### [Data excerpts]
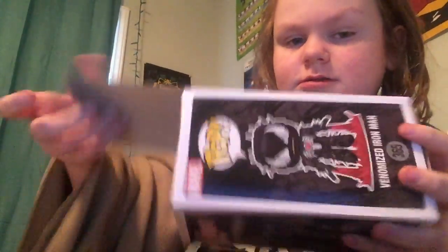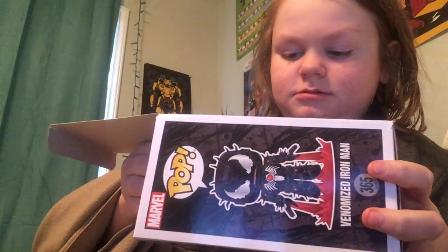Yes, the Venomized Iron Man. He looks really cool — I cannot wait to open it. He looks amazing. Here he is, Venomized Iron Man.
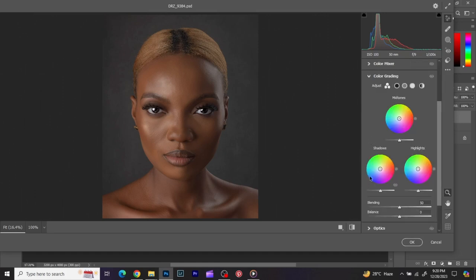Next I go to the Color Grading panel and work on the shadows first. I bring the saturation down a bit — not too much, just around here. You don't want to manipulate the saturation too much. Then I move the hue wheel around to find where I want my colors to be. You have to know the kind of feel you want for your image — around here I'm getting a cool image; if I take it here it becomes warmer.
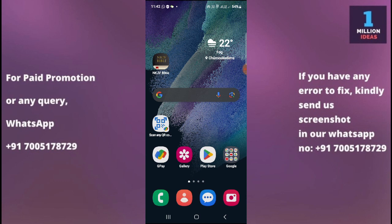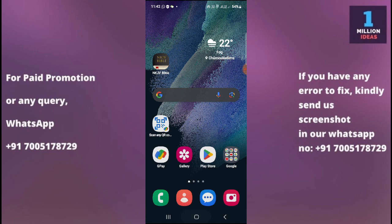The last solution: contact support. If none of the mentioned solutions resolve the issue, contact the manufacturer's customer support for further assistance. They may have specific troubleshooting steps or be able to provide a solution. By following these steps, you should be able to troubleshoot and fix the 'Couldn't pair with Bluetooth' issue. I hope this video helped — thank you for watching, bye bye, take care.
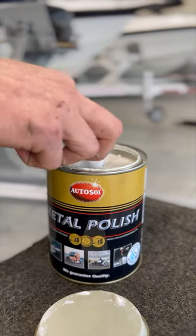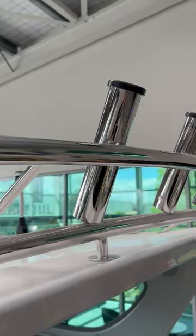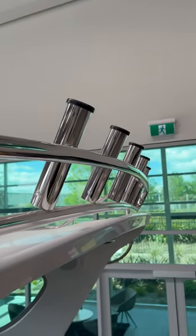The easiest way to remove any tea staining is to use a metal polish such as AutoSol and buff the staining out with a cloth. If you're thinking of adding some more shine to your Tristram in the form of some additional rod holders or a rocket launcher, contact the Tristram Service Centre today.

...

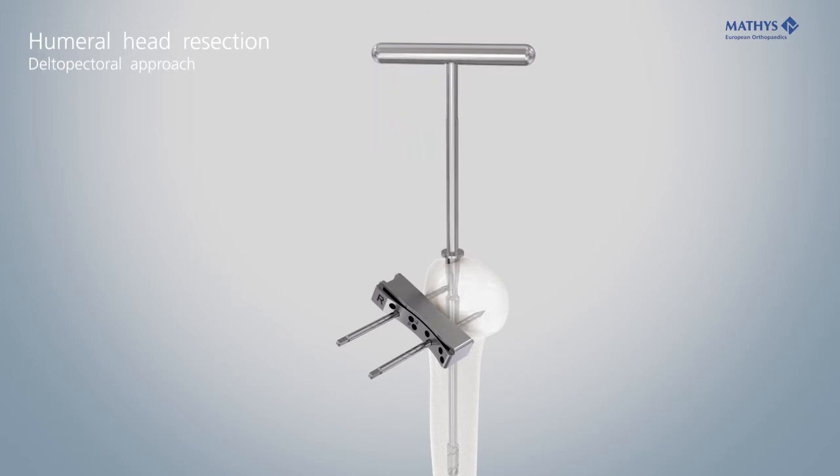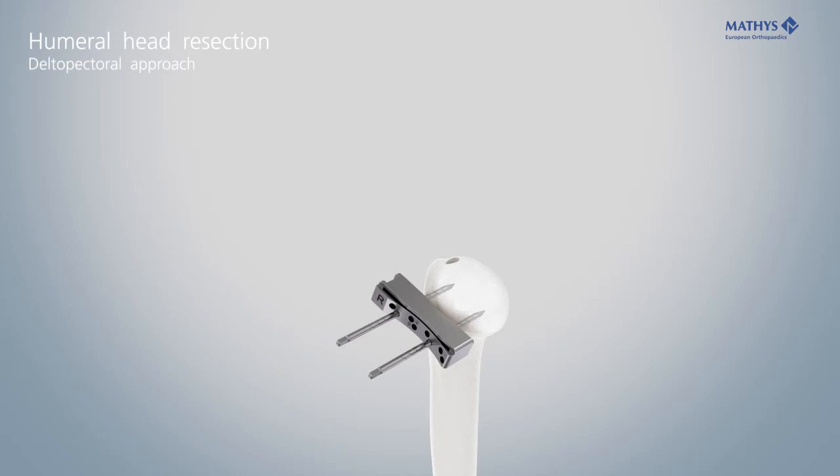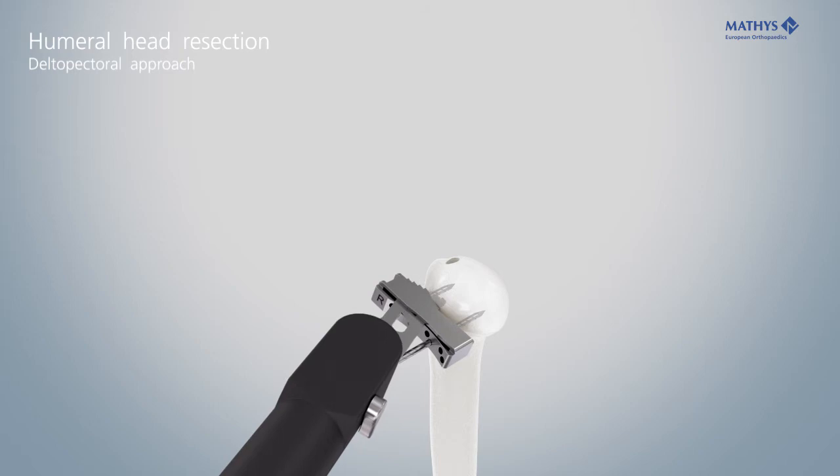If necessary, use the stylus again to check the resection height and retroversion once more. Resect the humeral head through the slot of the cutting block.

### [Assigned task]
Among the entries above, copy exactly the stretch from the line holding "Yes, the Venomized" through the line holding "Next I go to", leaving out any pictures.

### [Your solution]
Yes, the Venomized Iron Man. He looks really cool — I cannot wait to open it. He looks amazing. Here he is, Venomized Iron Man.
Next I go to the Color Grading panel and work on the shadows first. I bring the saturation down a bit — not too much, just around here. You don't want to manipulate the saturation too much. Then I move the hue wheel around to find where I want my colors to be. You have to know the kind of feel you want for your image — around here I'm getting a cool image; if I take it here it becomes warmer.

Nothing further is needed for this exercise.